» **What you should do**: Your answer should consist only of the records, copied exactly, with the images removed.

» **Given entries**:
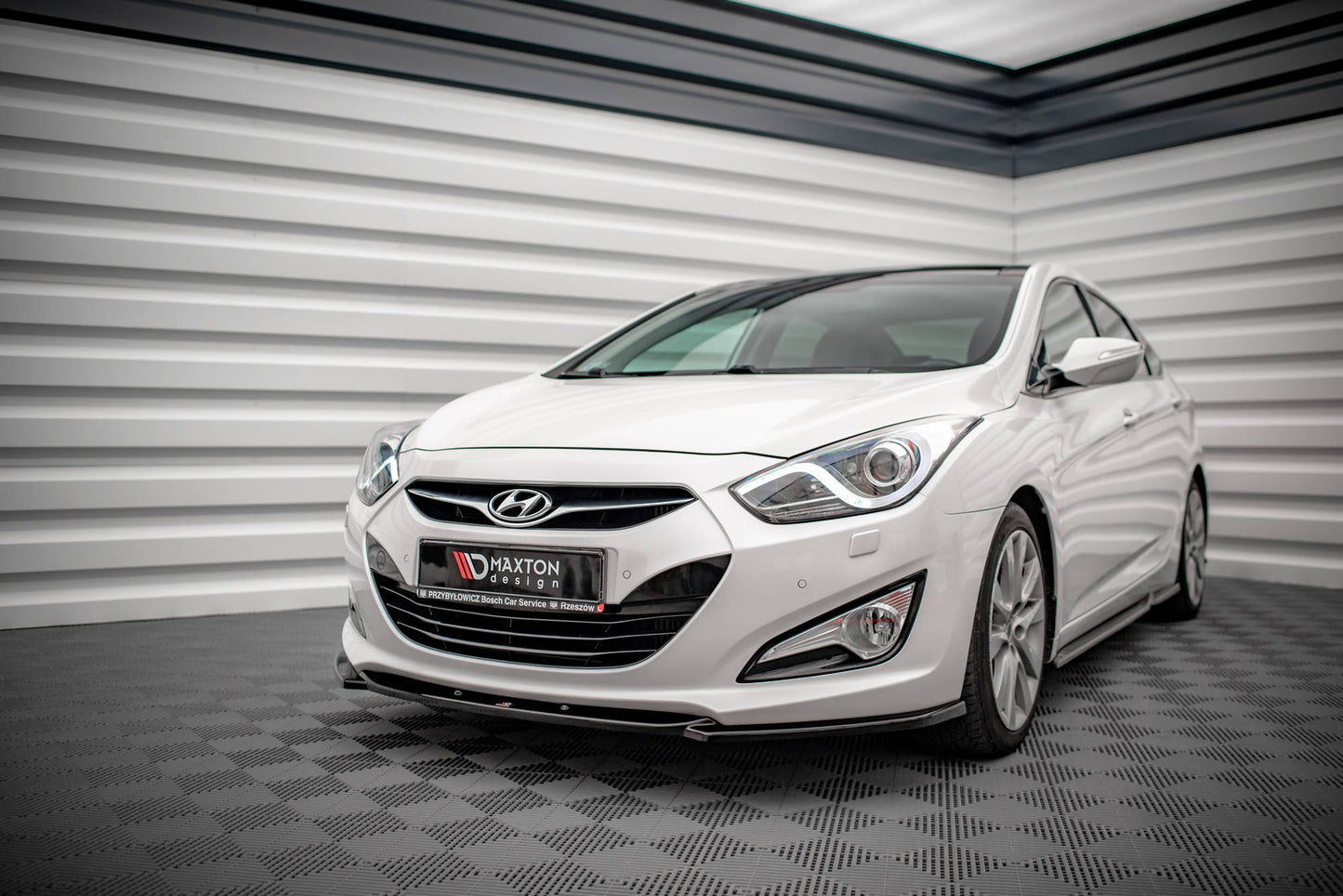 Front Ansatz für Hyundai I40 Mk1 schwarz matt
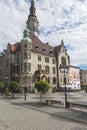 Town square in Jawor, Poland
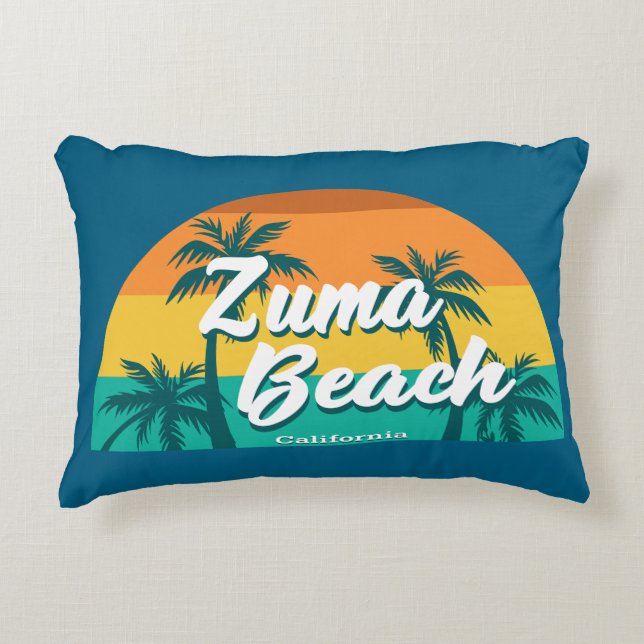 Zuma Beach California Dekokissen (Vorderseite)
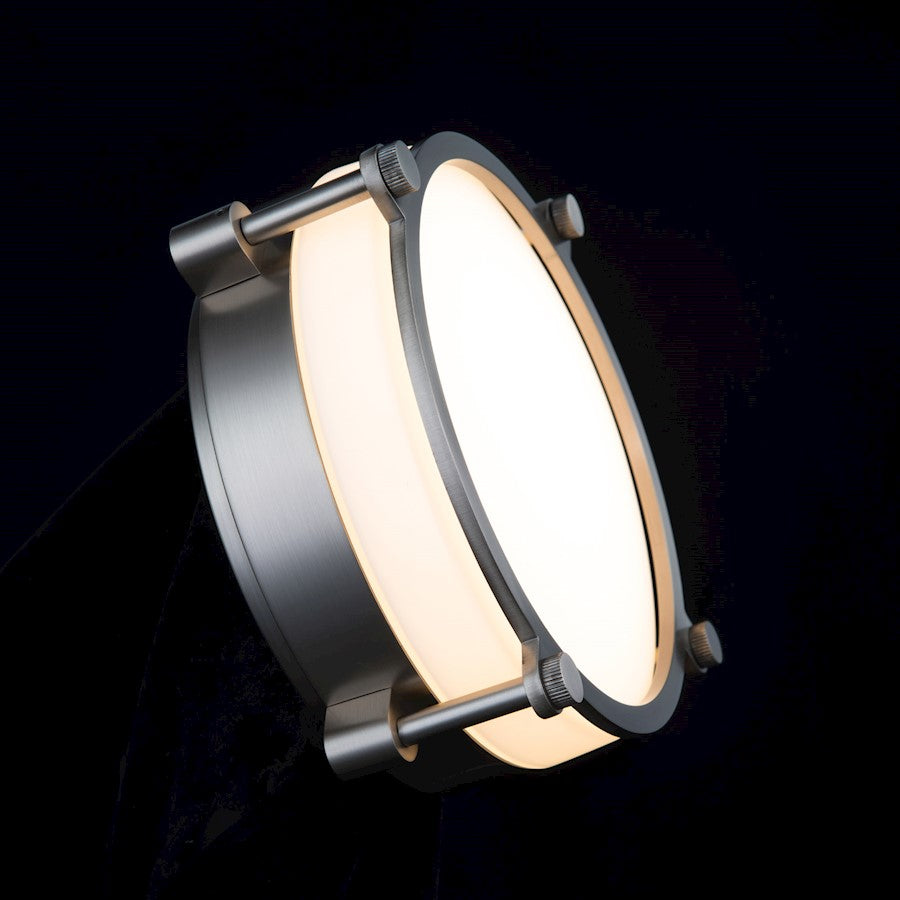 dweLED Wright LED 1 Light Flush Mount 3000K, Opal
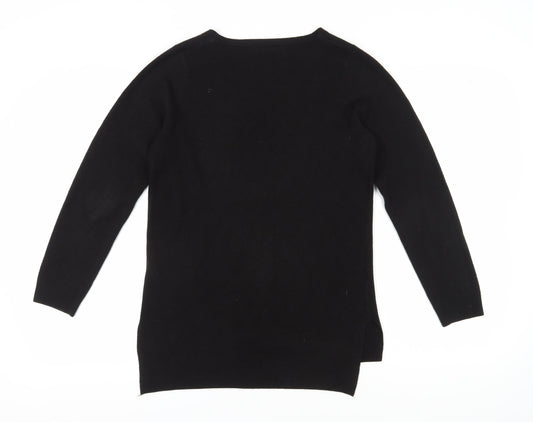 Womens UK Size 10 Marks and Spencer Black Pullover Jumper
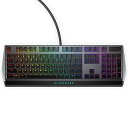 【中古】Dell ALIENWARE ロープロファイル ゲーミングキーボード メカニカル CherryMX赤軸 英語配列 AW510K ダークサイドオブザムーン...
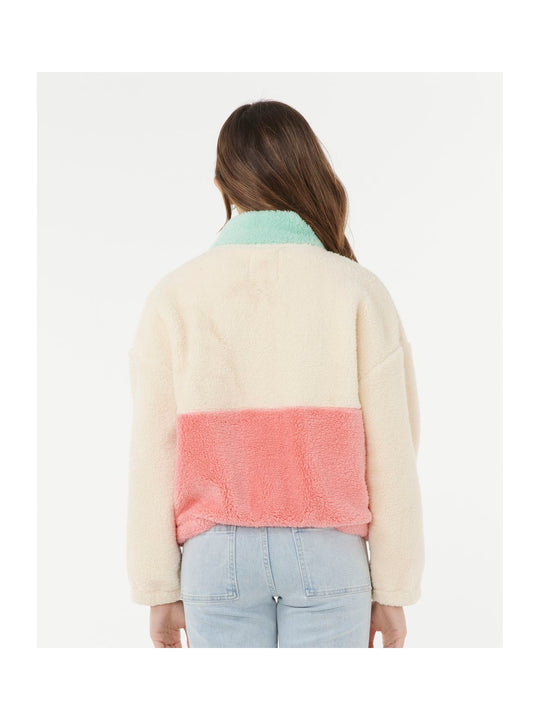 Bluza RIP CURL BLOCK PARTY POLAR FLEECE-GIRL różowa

» **Response**:
 Front Ansatz für Hyundai I40 Mk1 schwarz matt
 Town square in Jawor, Poland
 Zuma Beach California Dekokissen (Vorderseite)
 dweLED Wright LED 1 Light Flush Mount 3000K, Opal
 Womens UK Size 10 Marks and Spencer Black Pullover Jumper
 【中古】Dell ALIENWARE ロープロファイル ゲーミングキーボード メカニカル CherryMX赤軸 英語配列 AW510K ダークサイドオブザムーン...
 Bluza RIP CURL BLOCK PARTY POLAR FLEECE-GIRL różowa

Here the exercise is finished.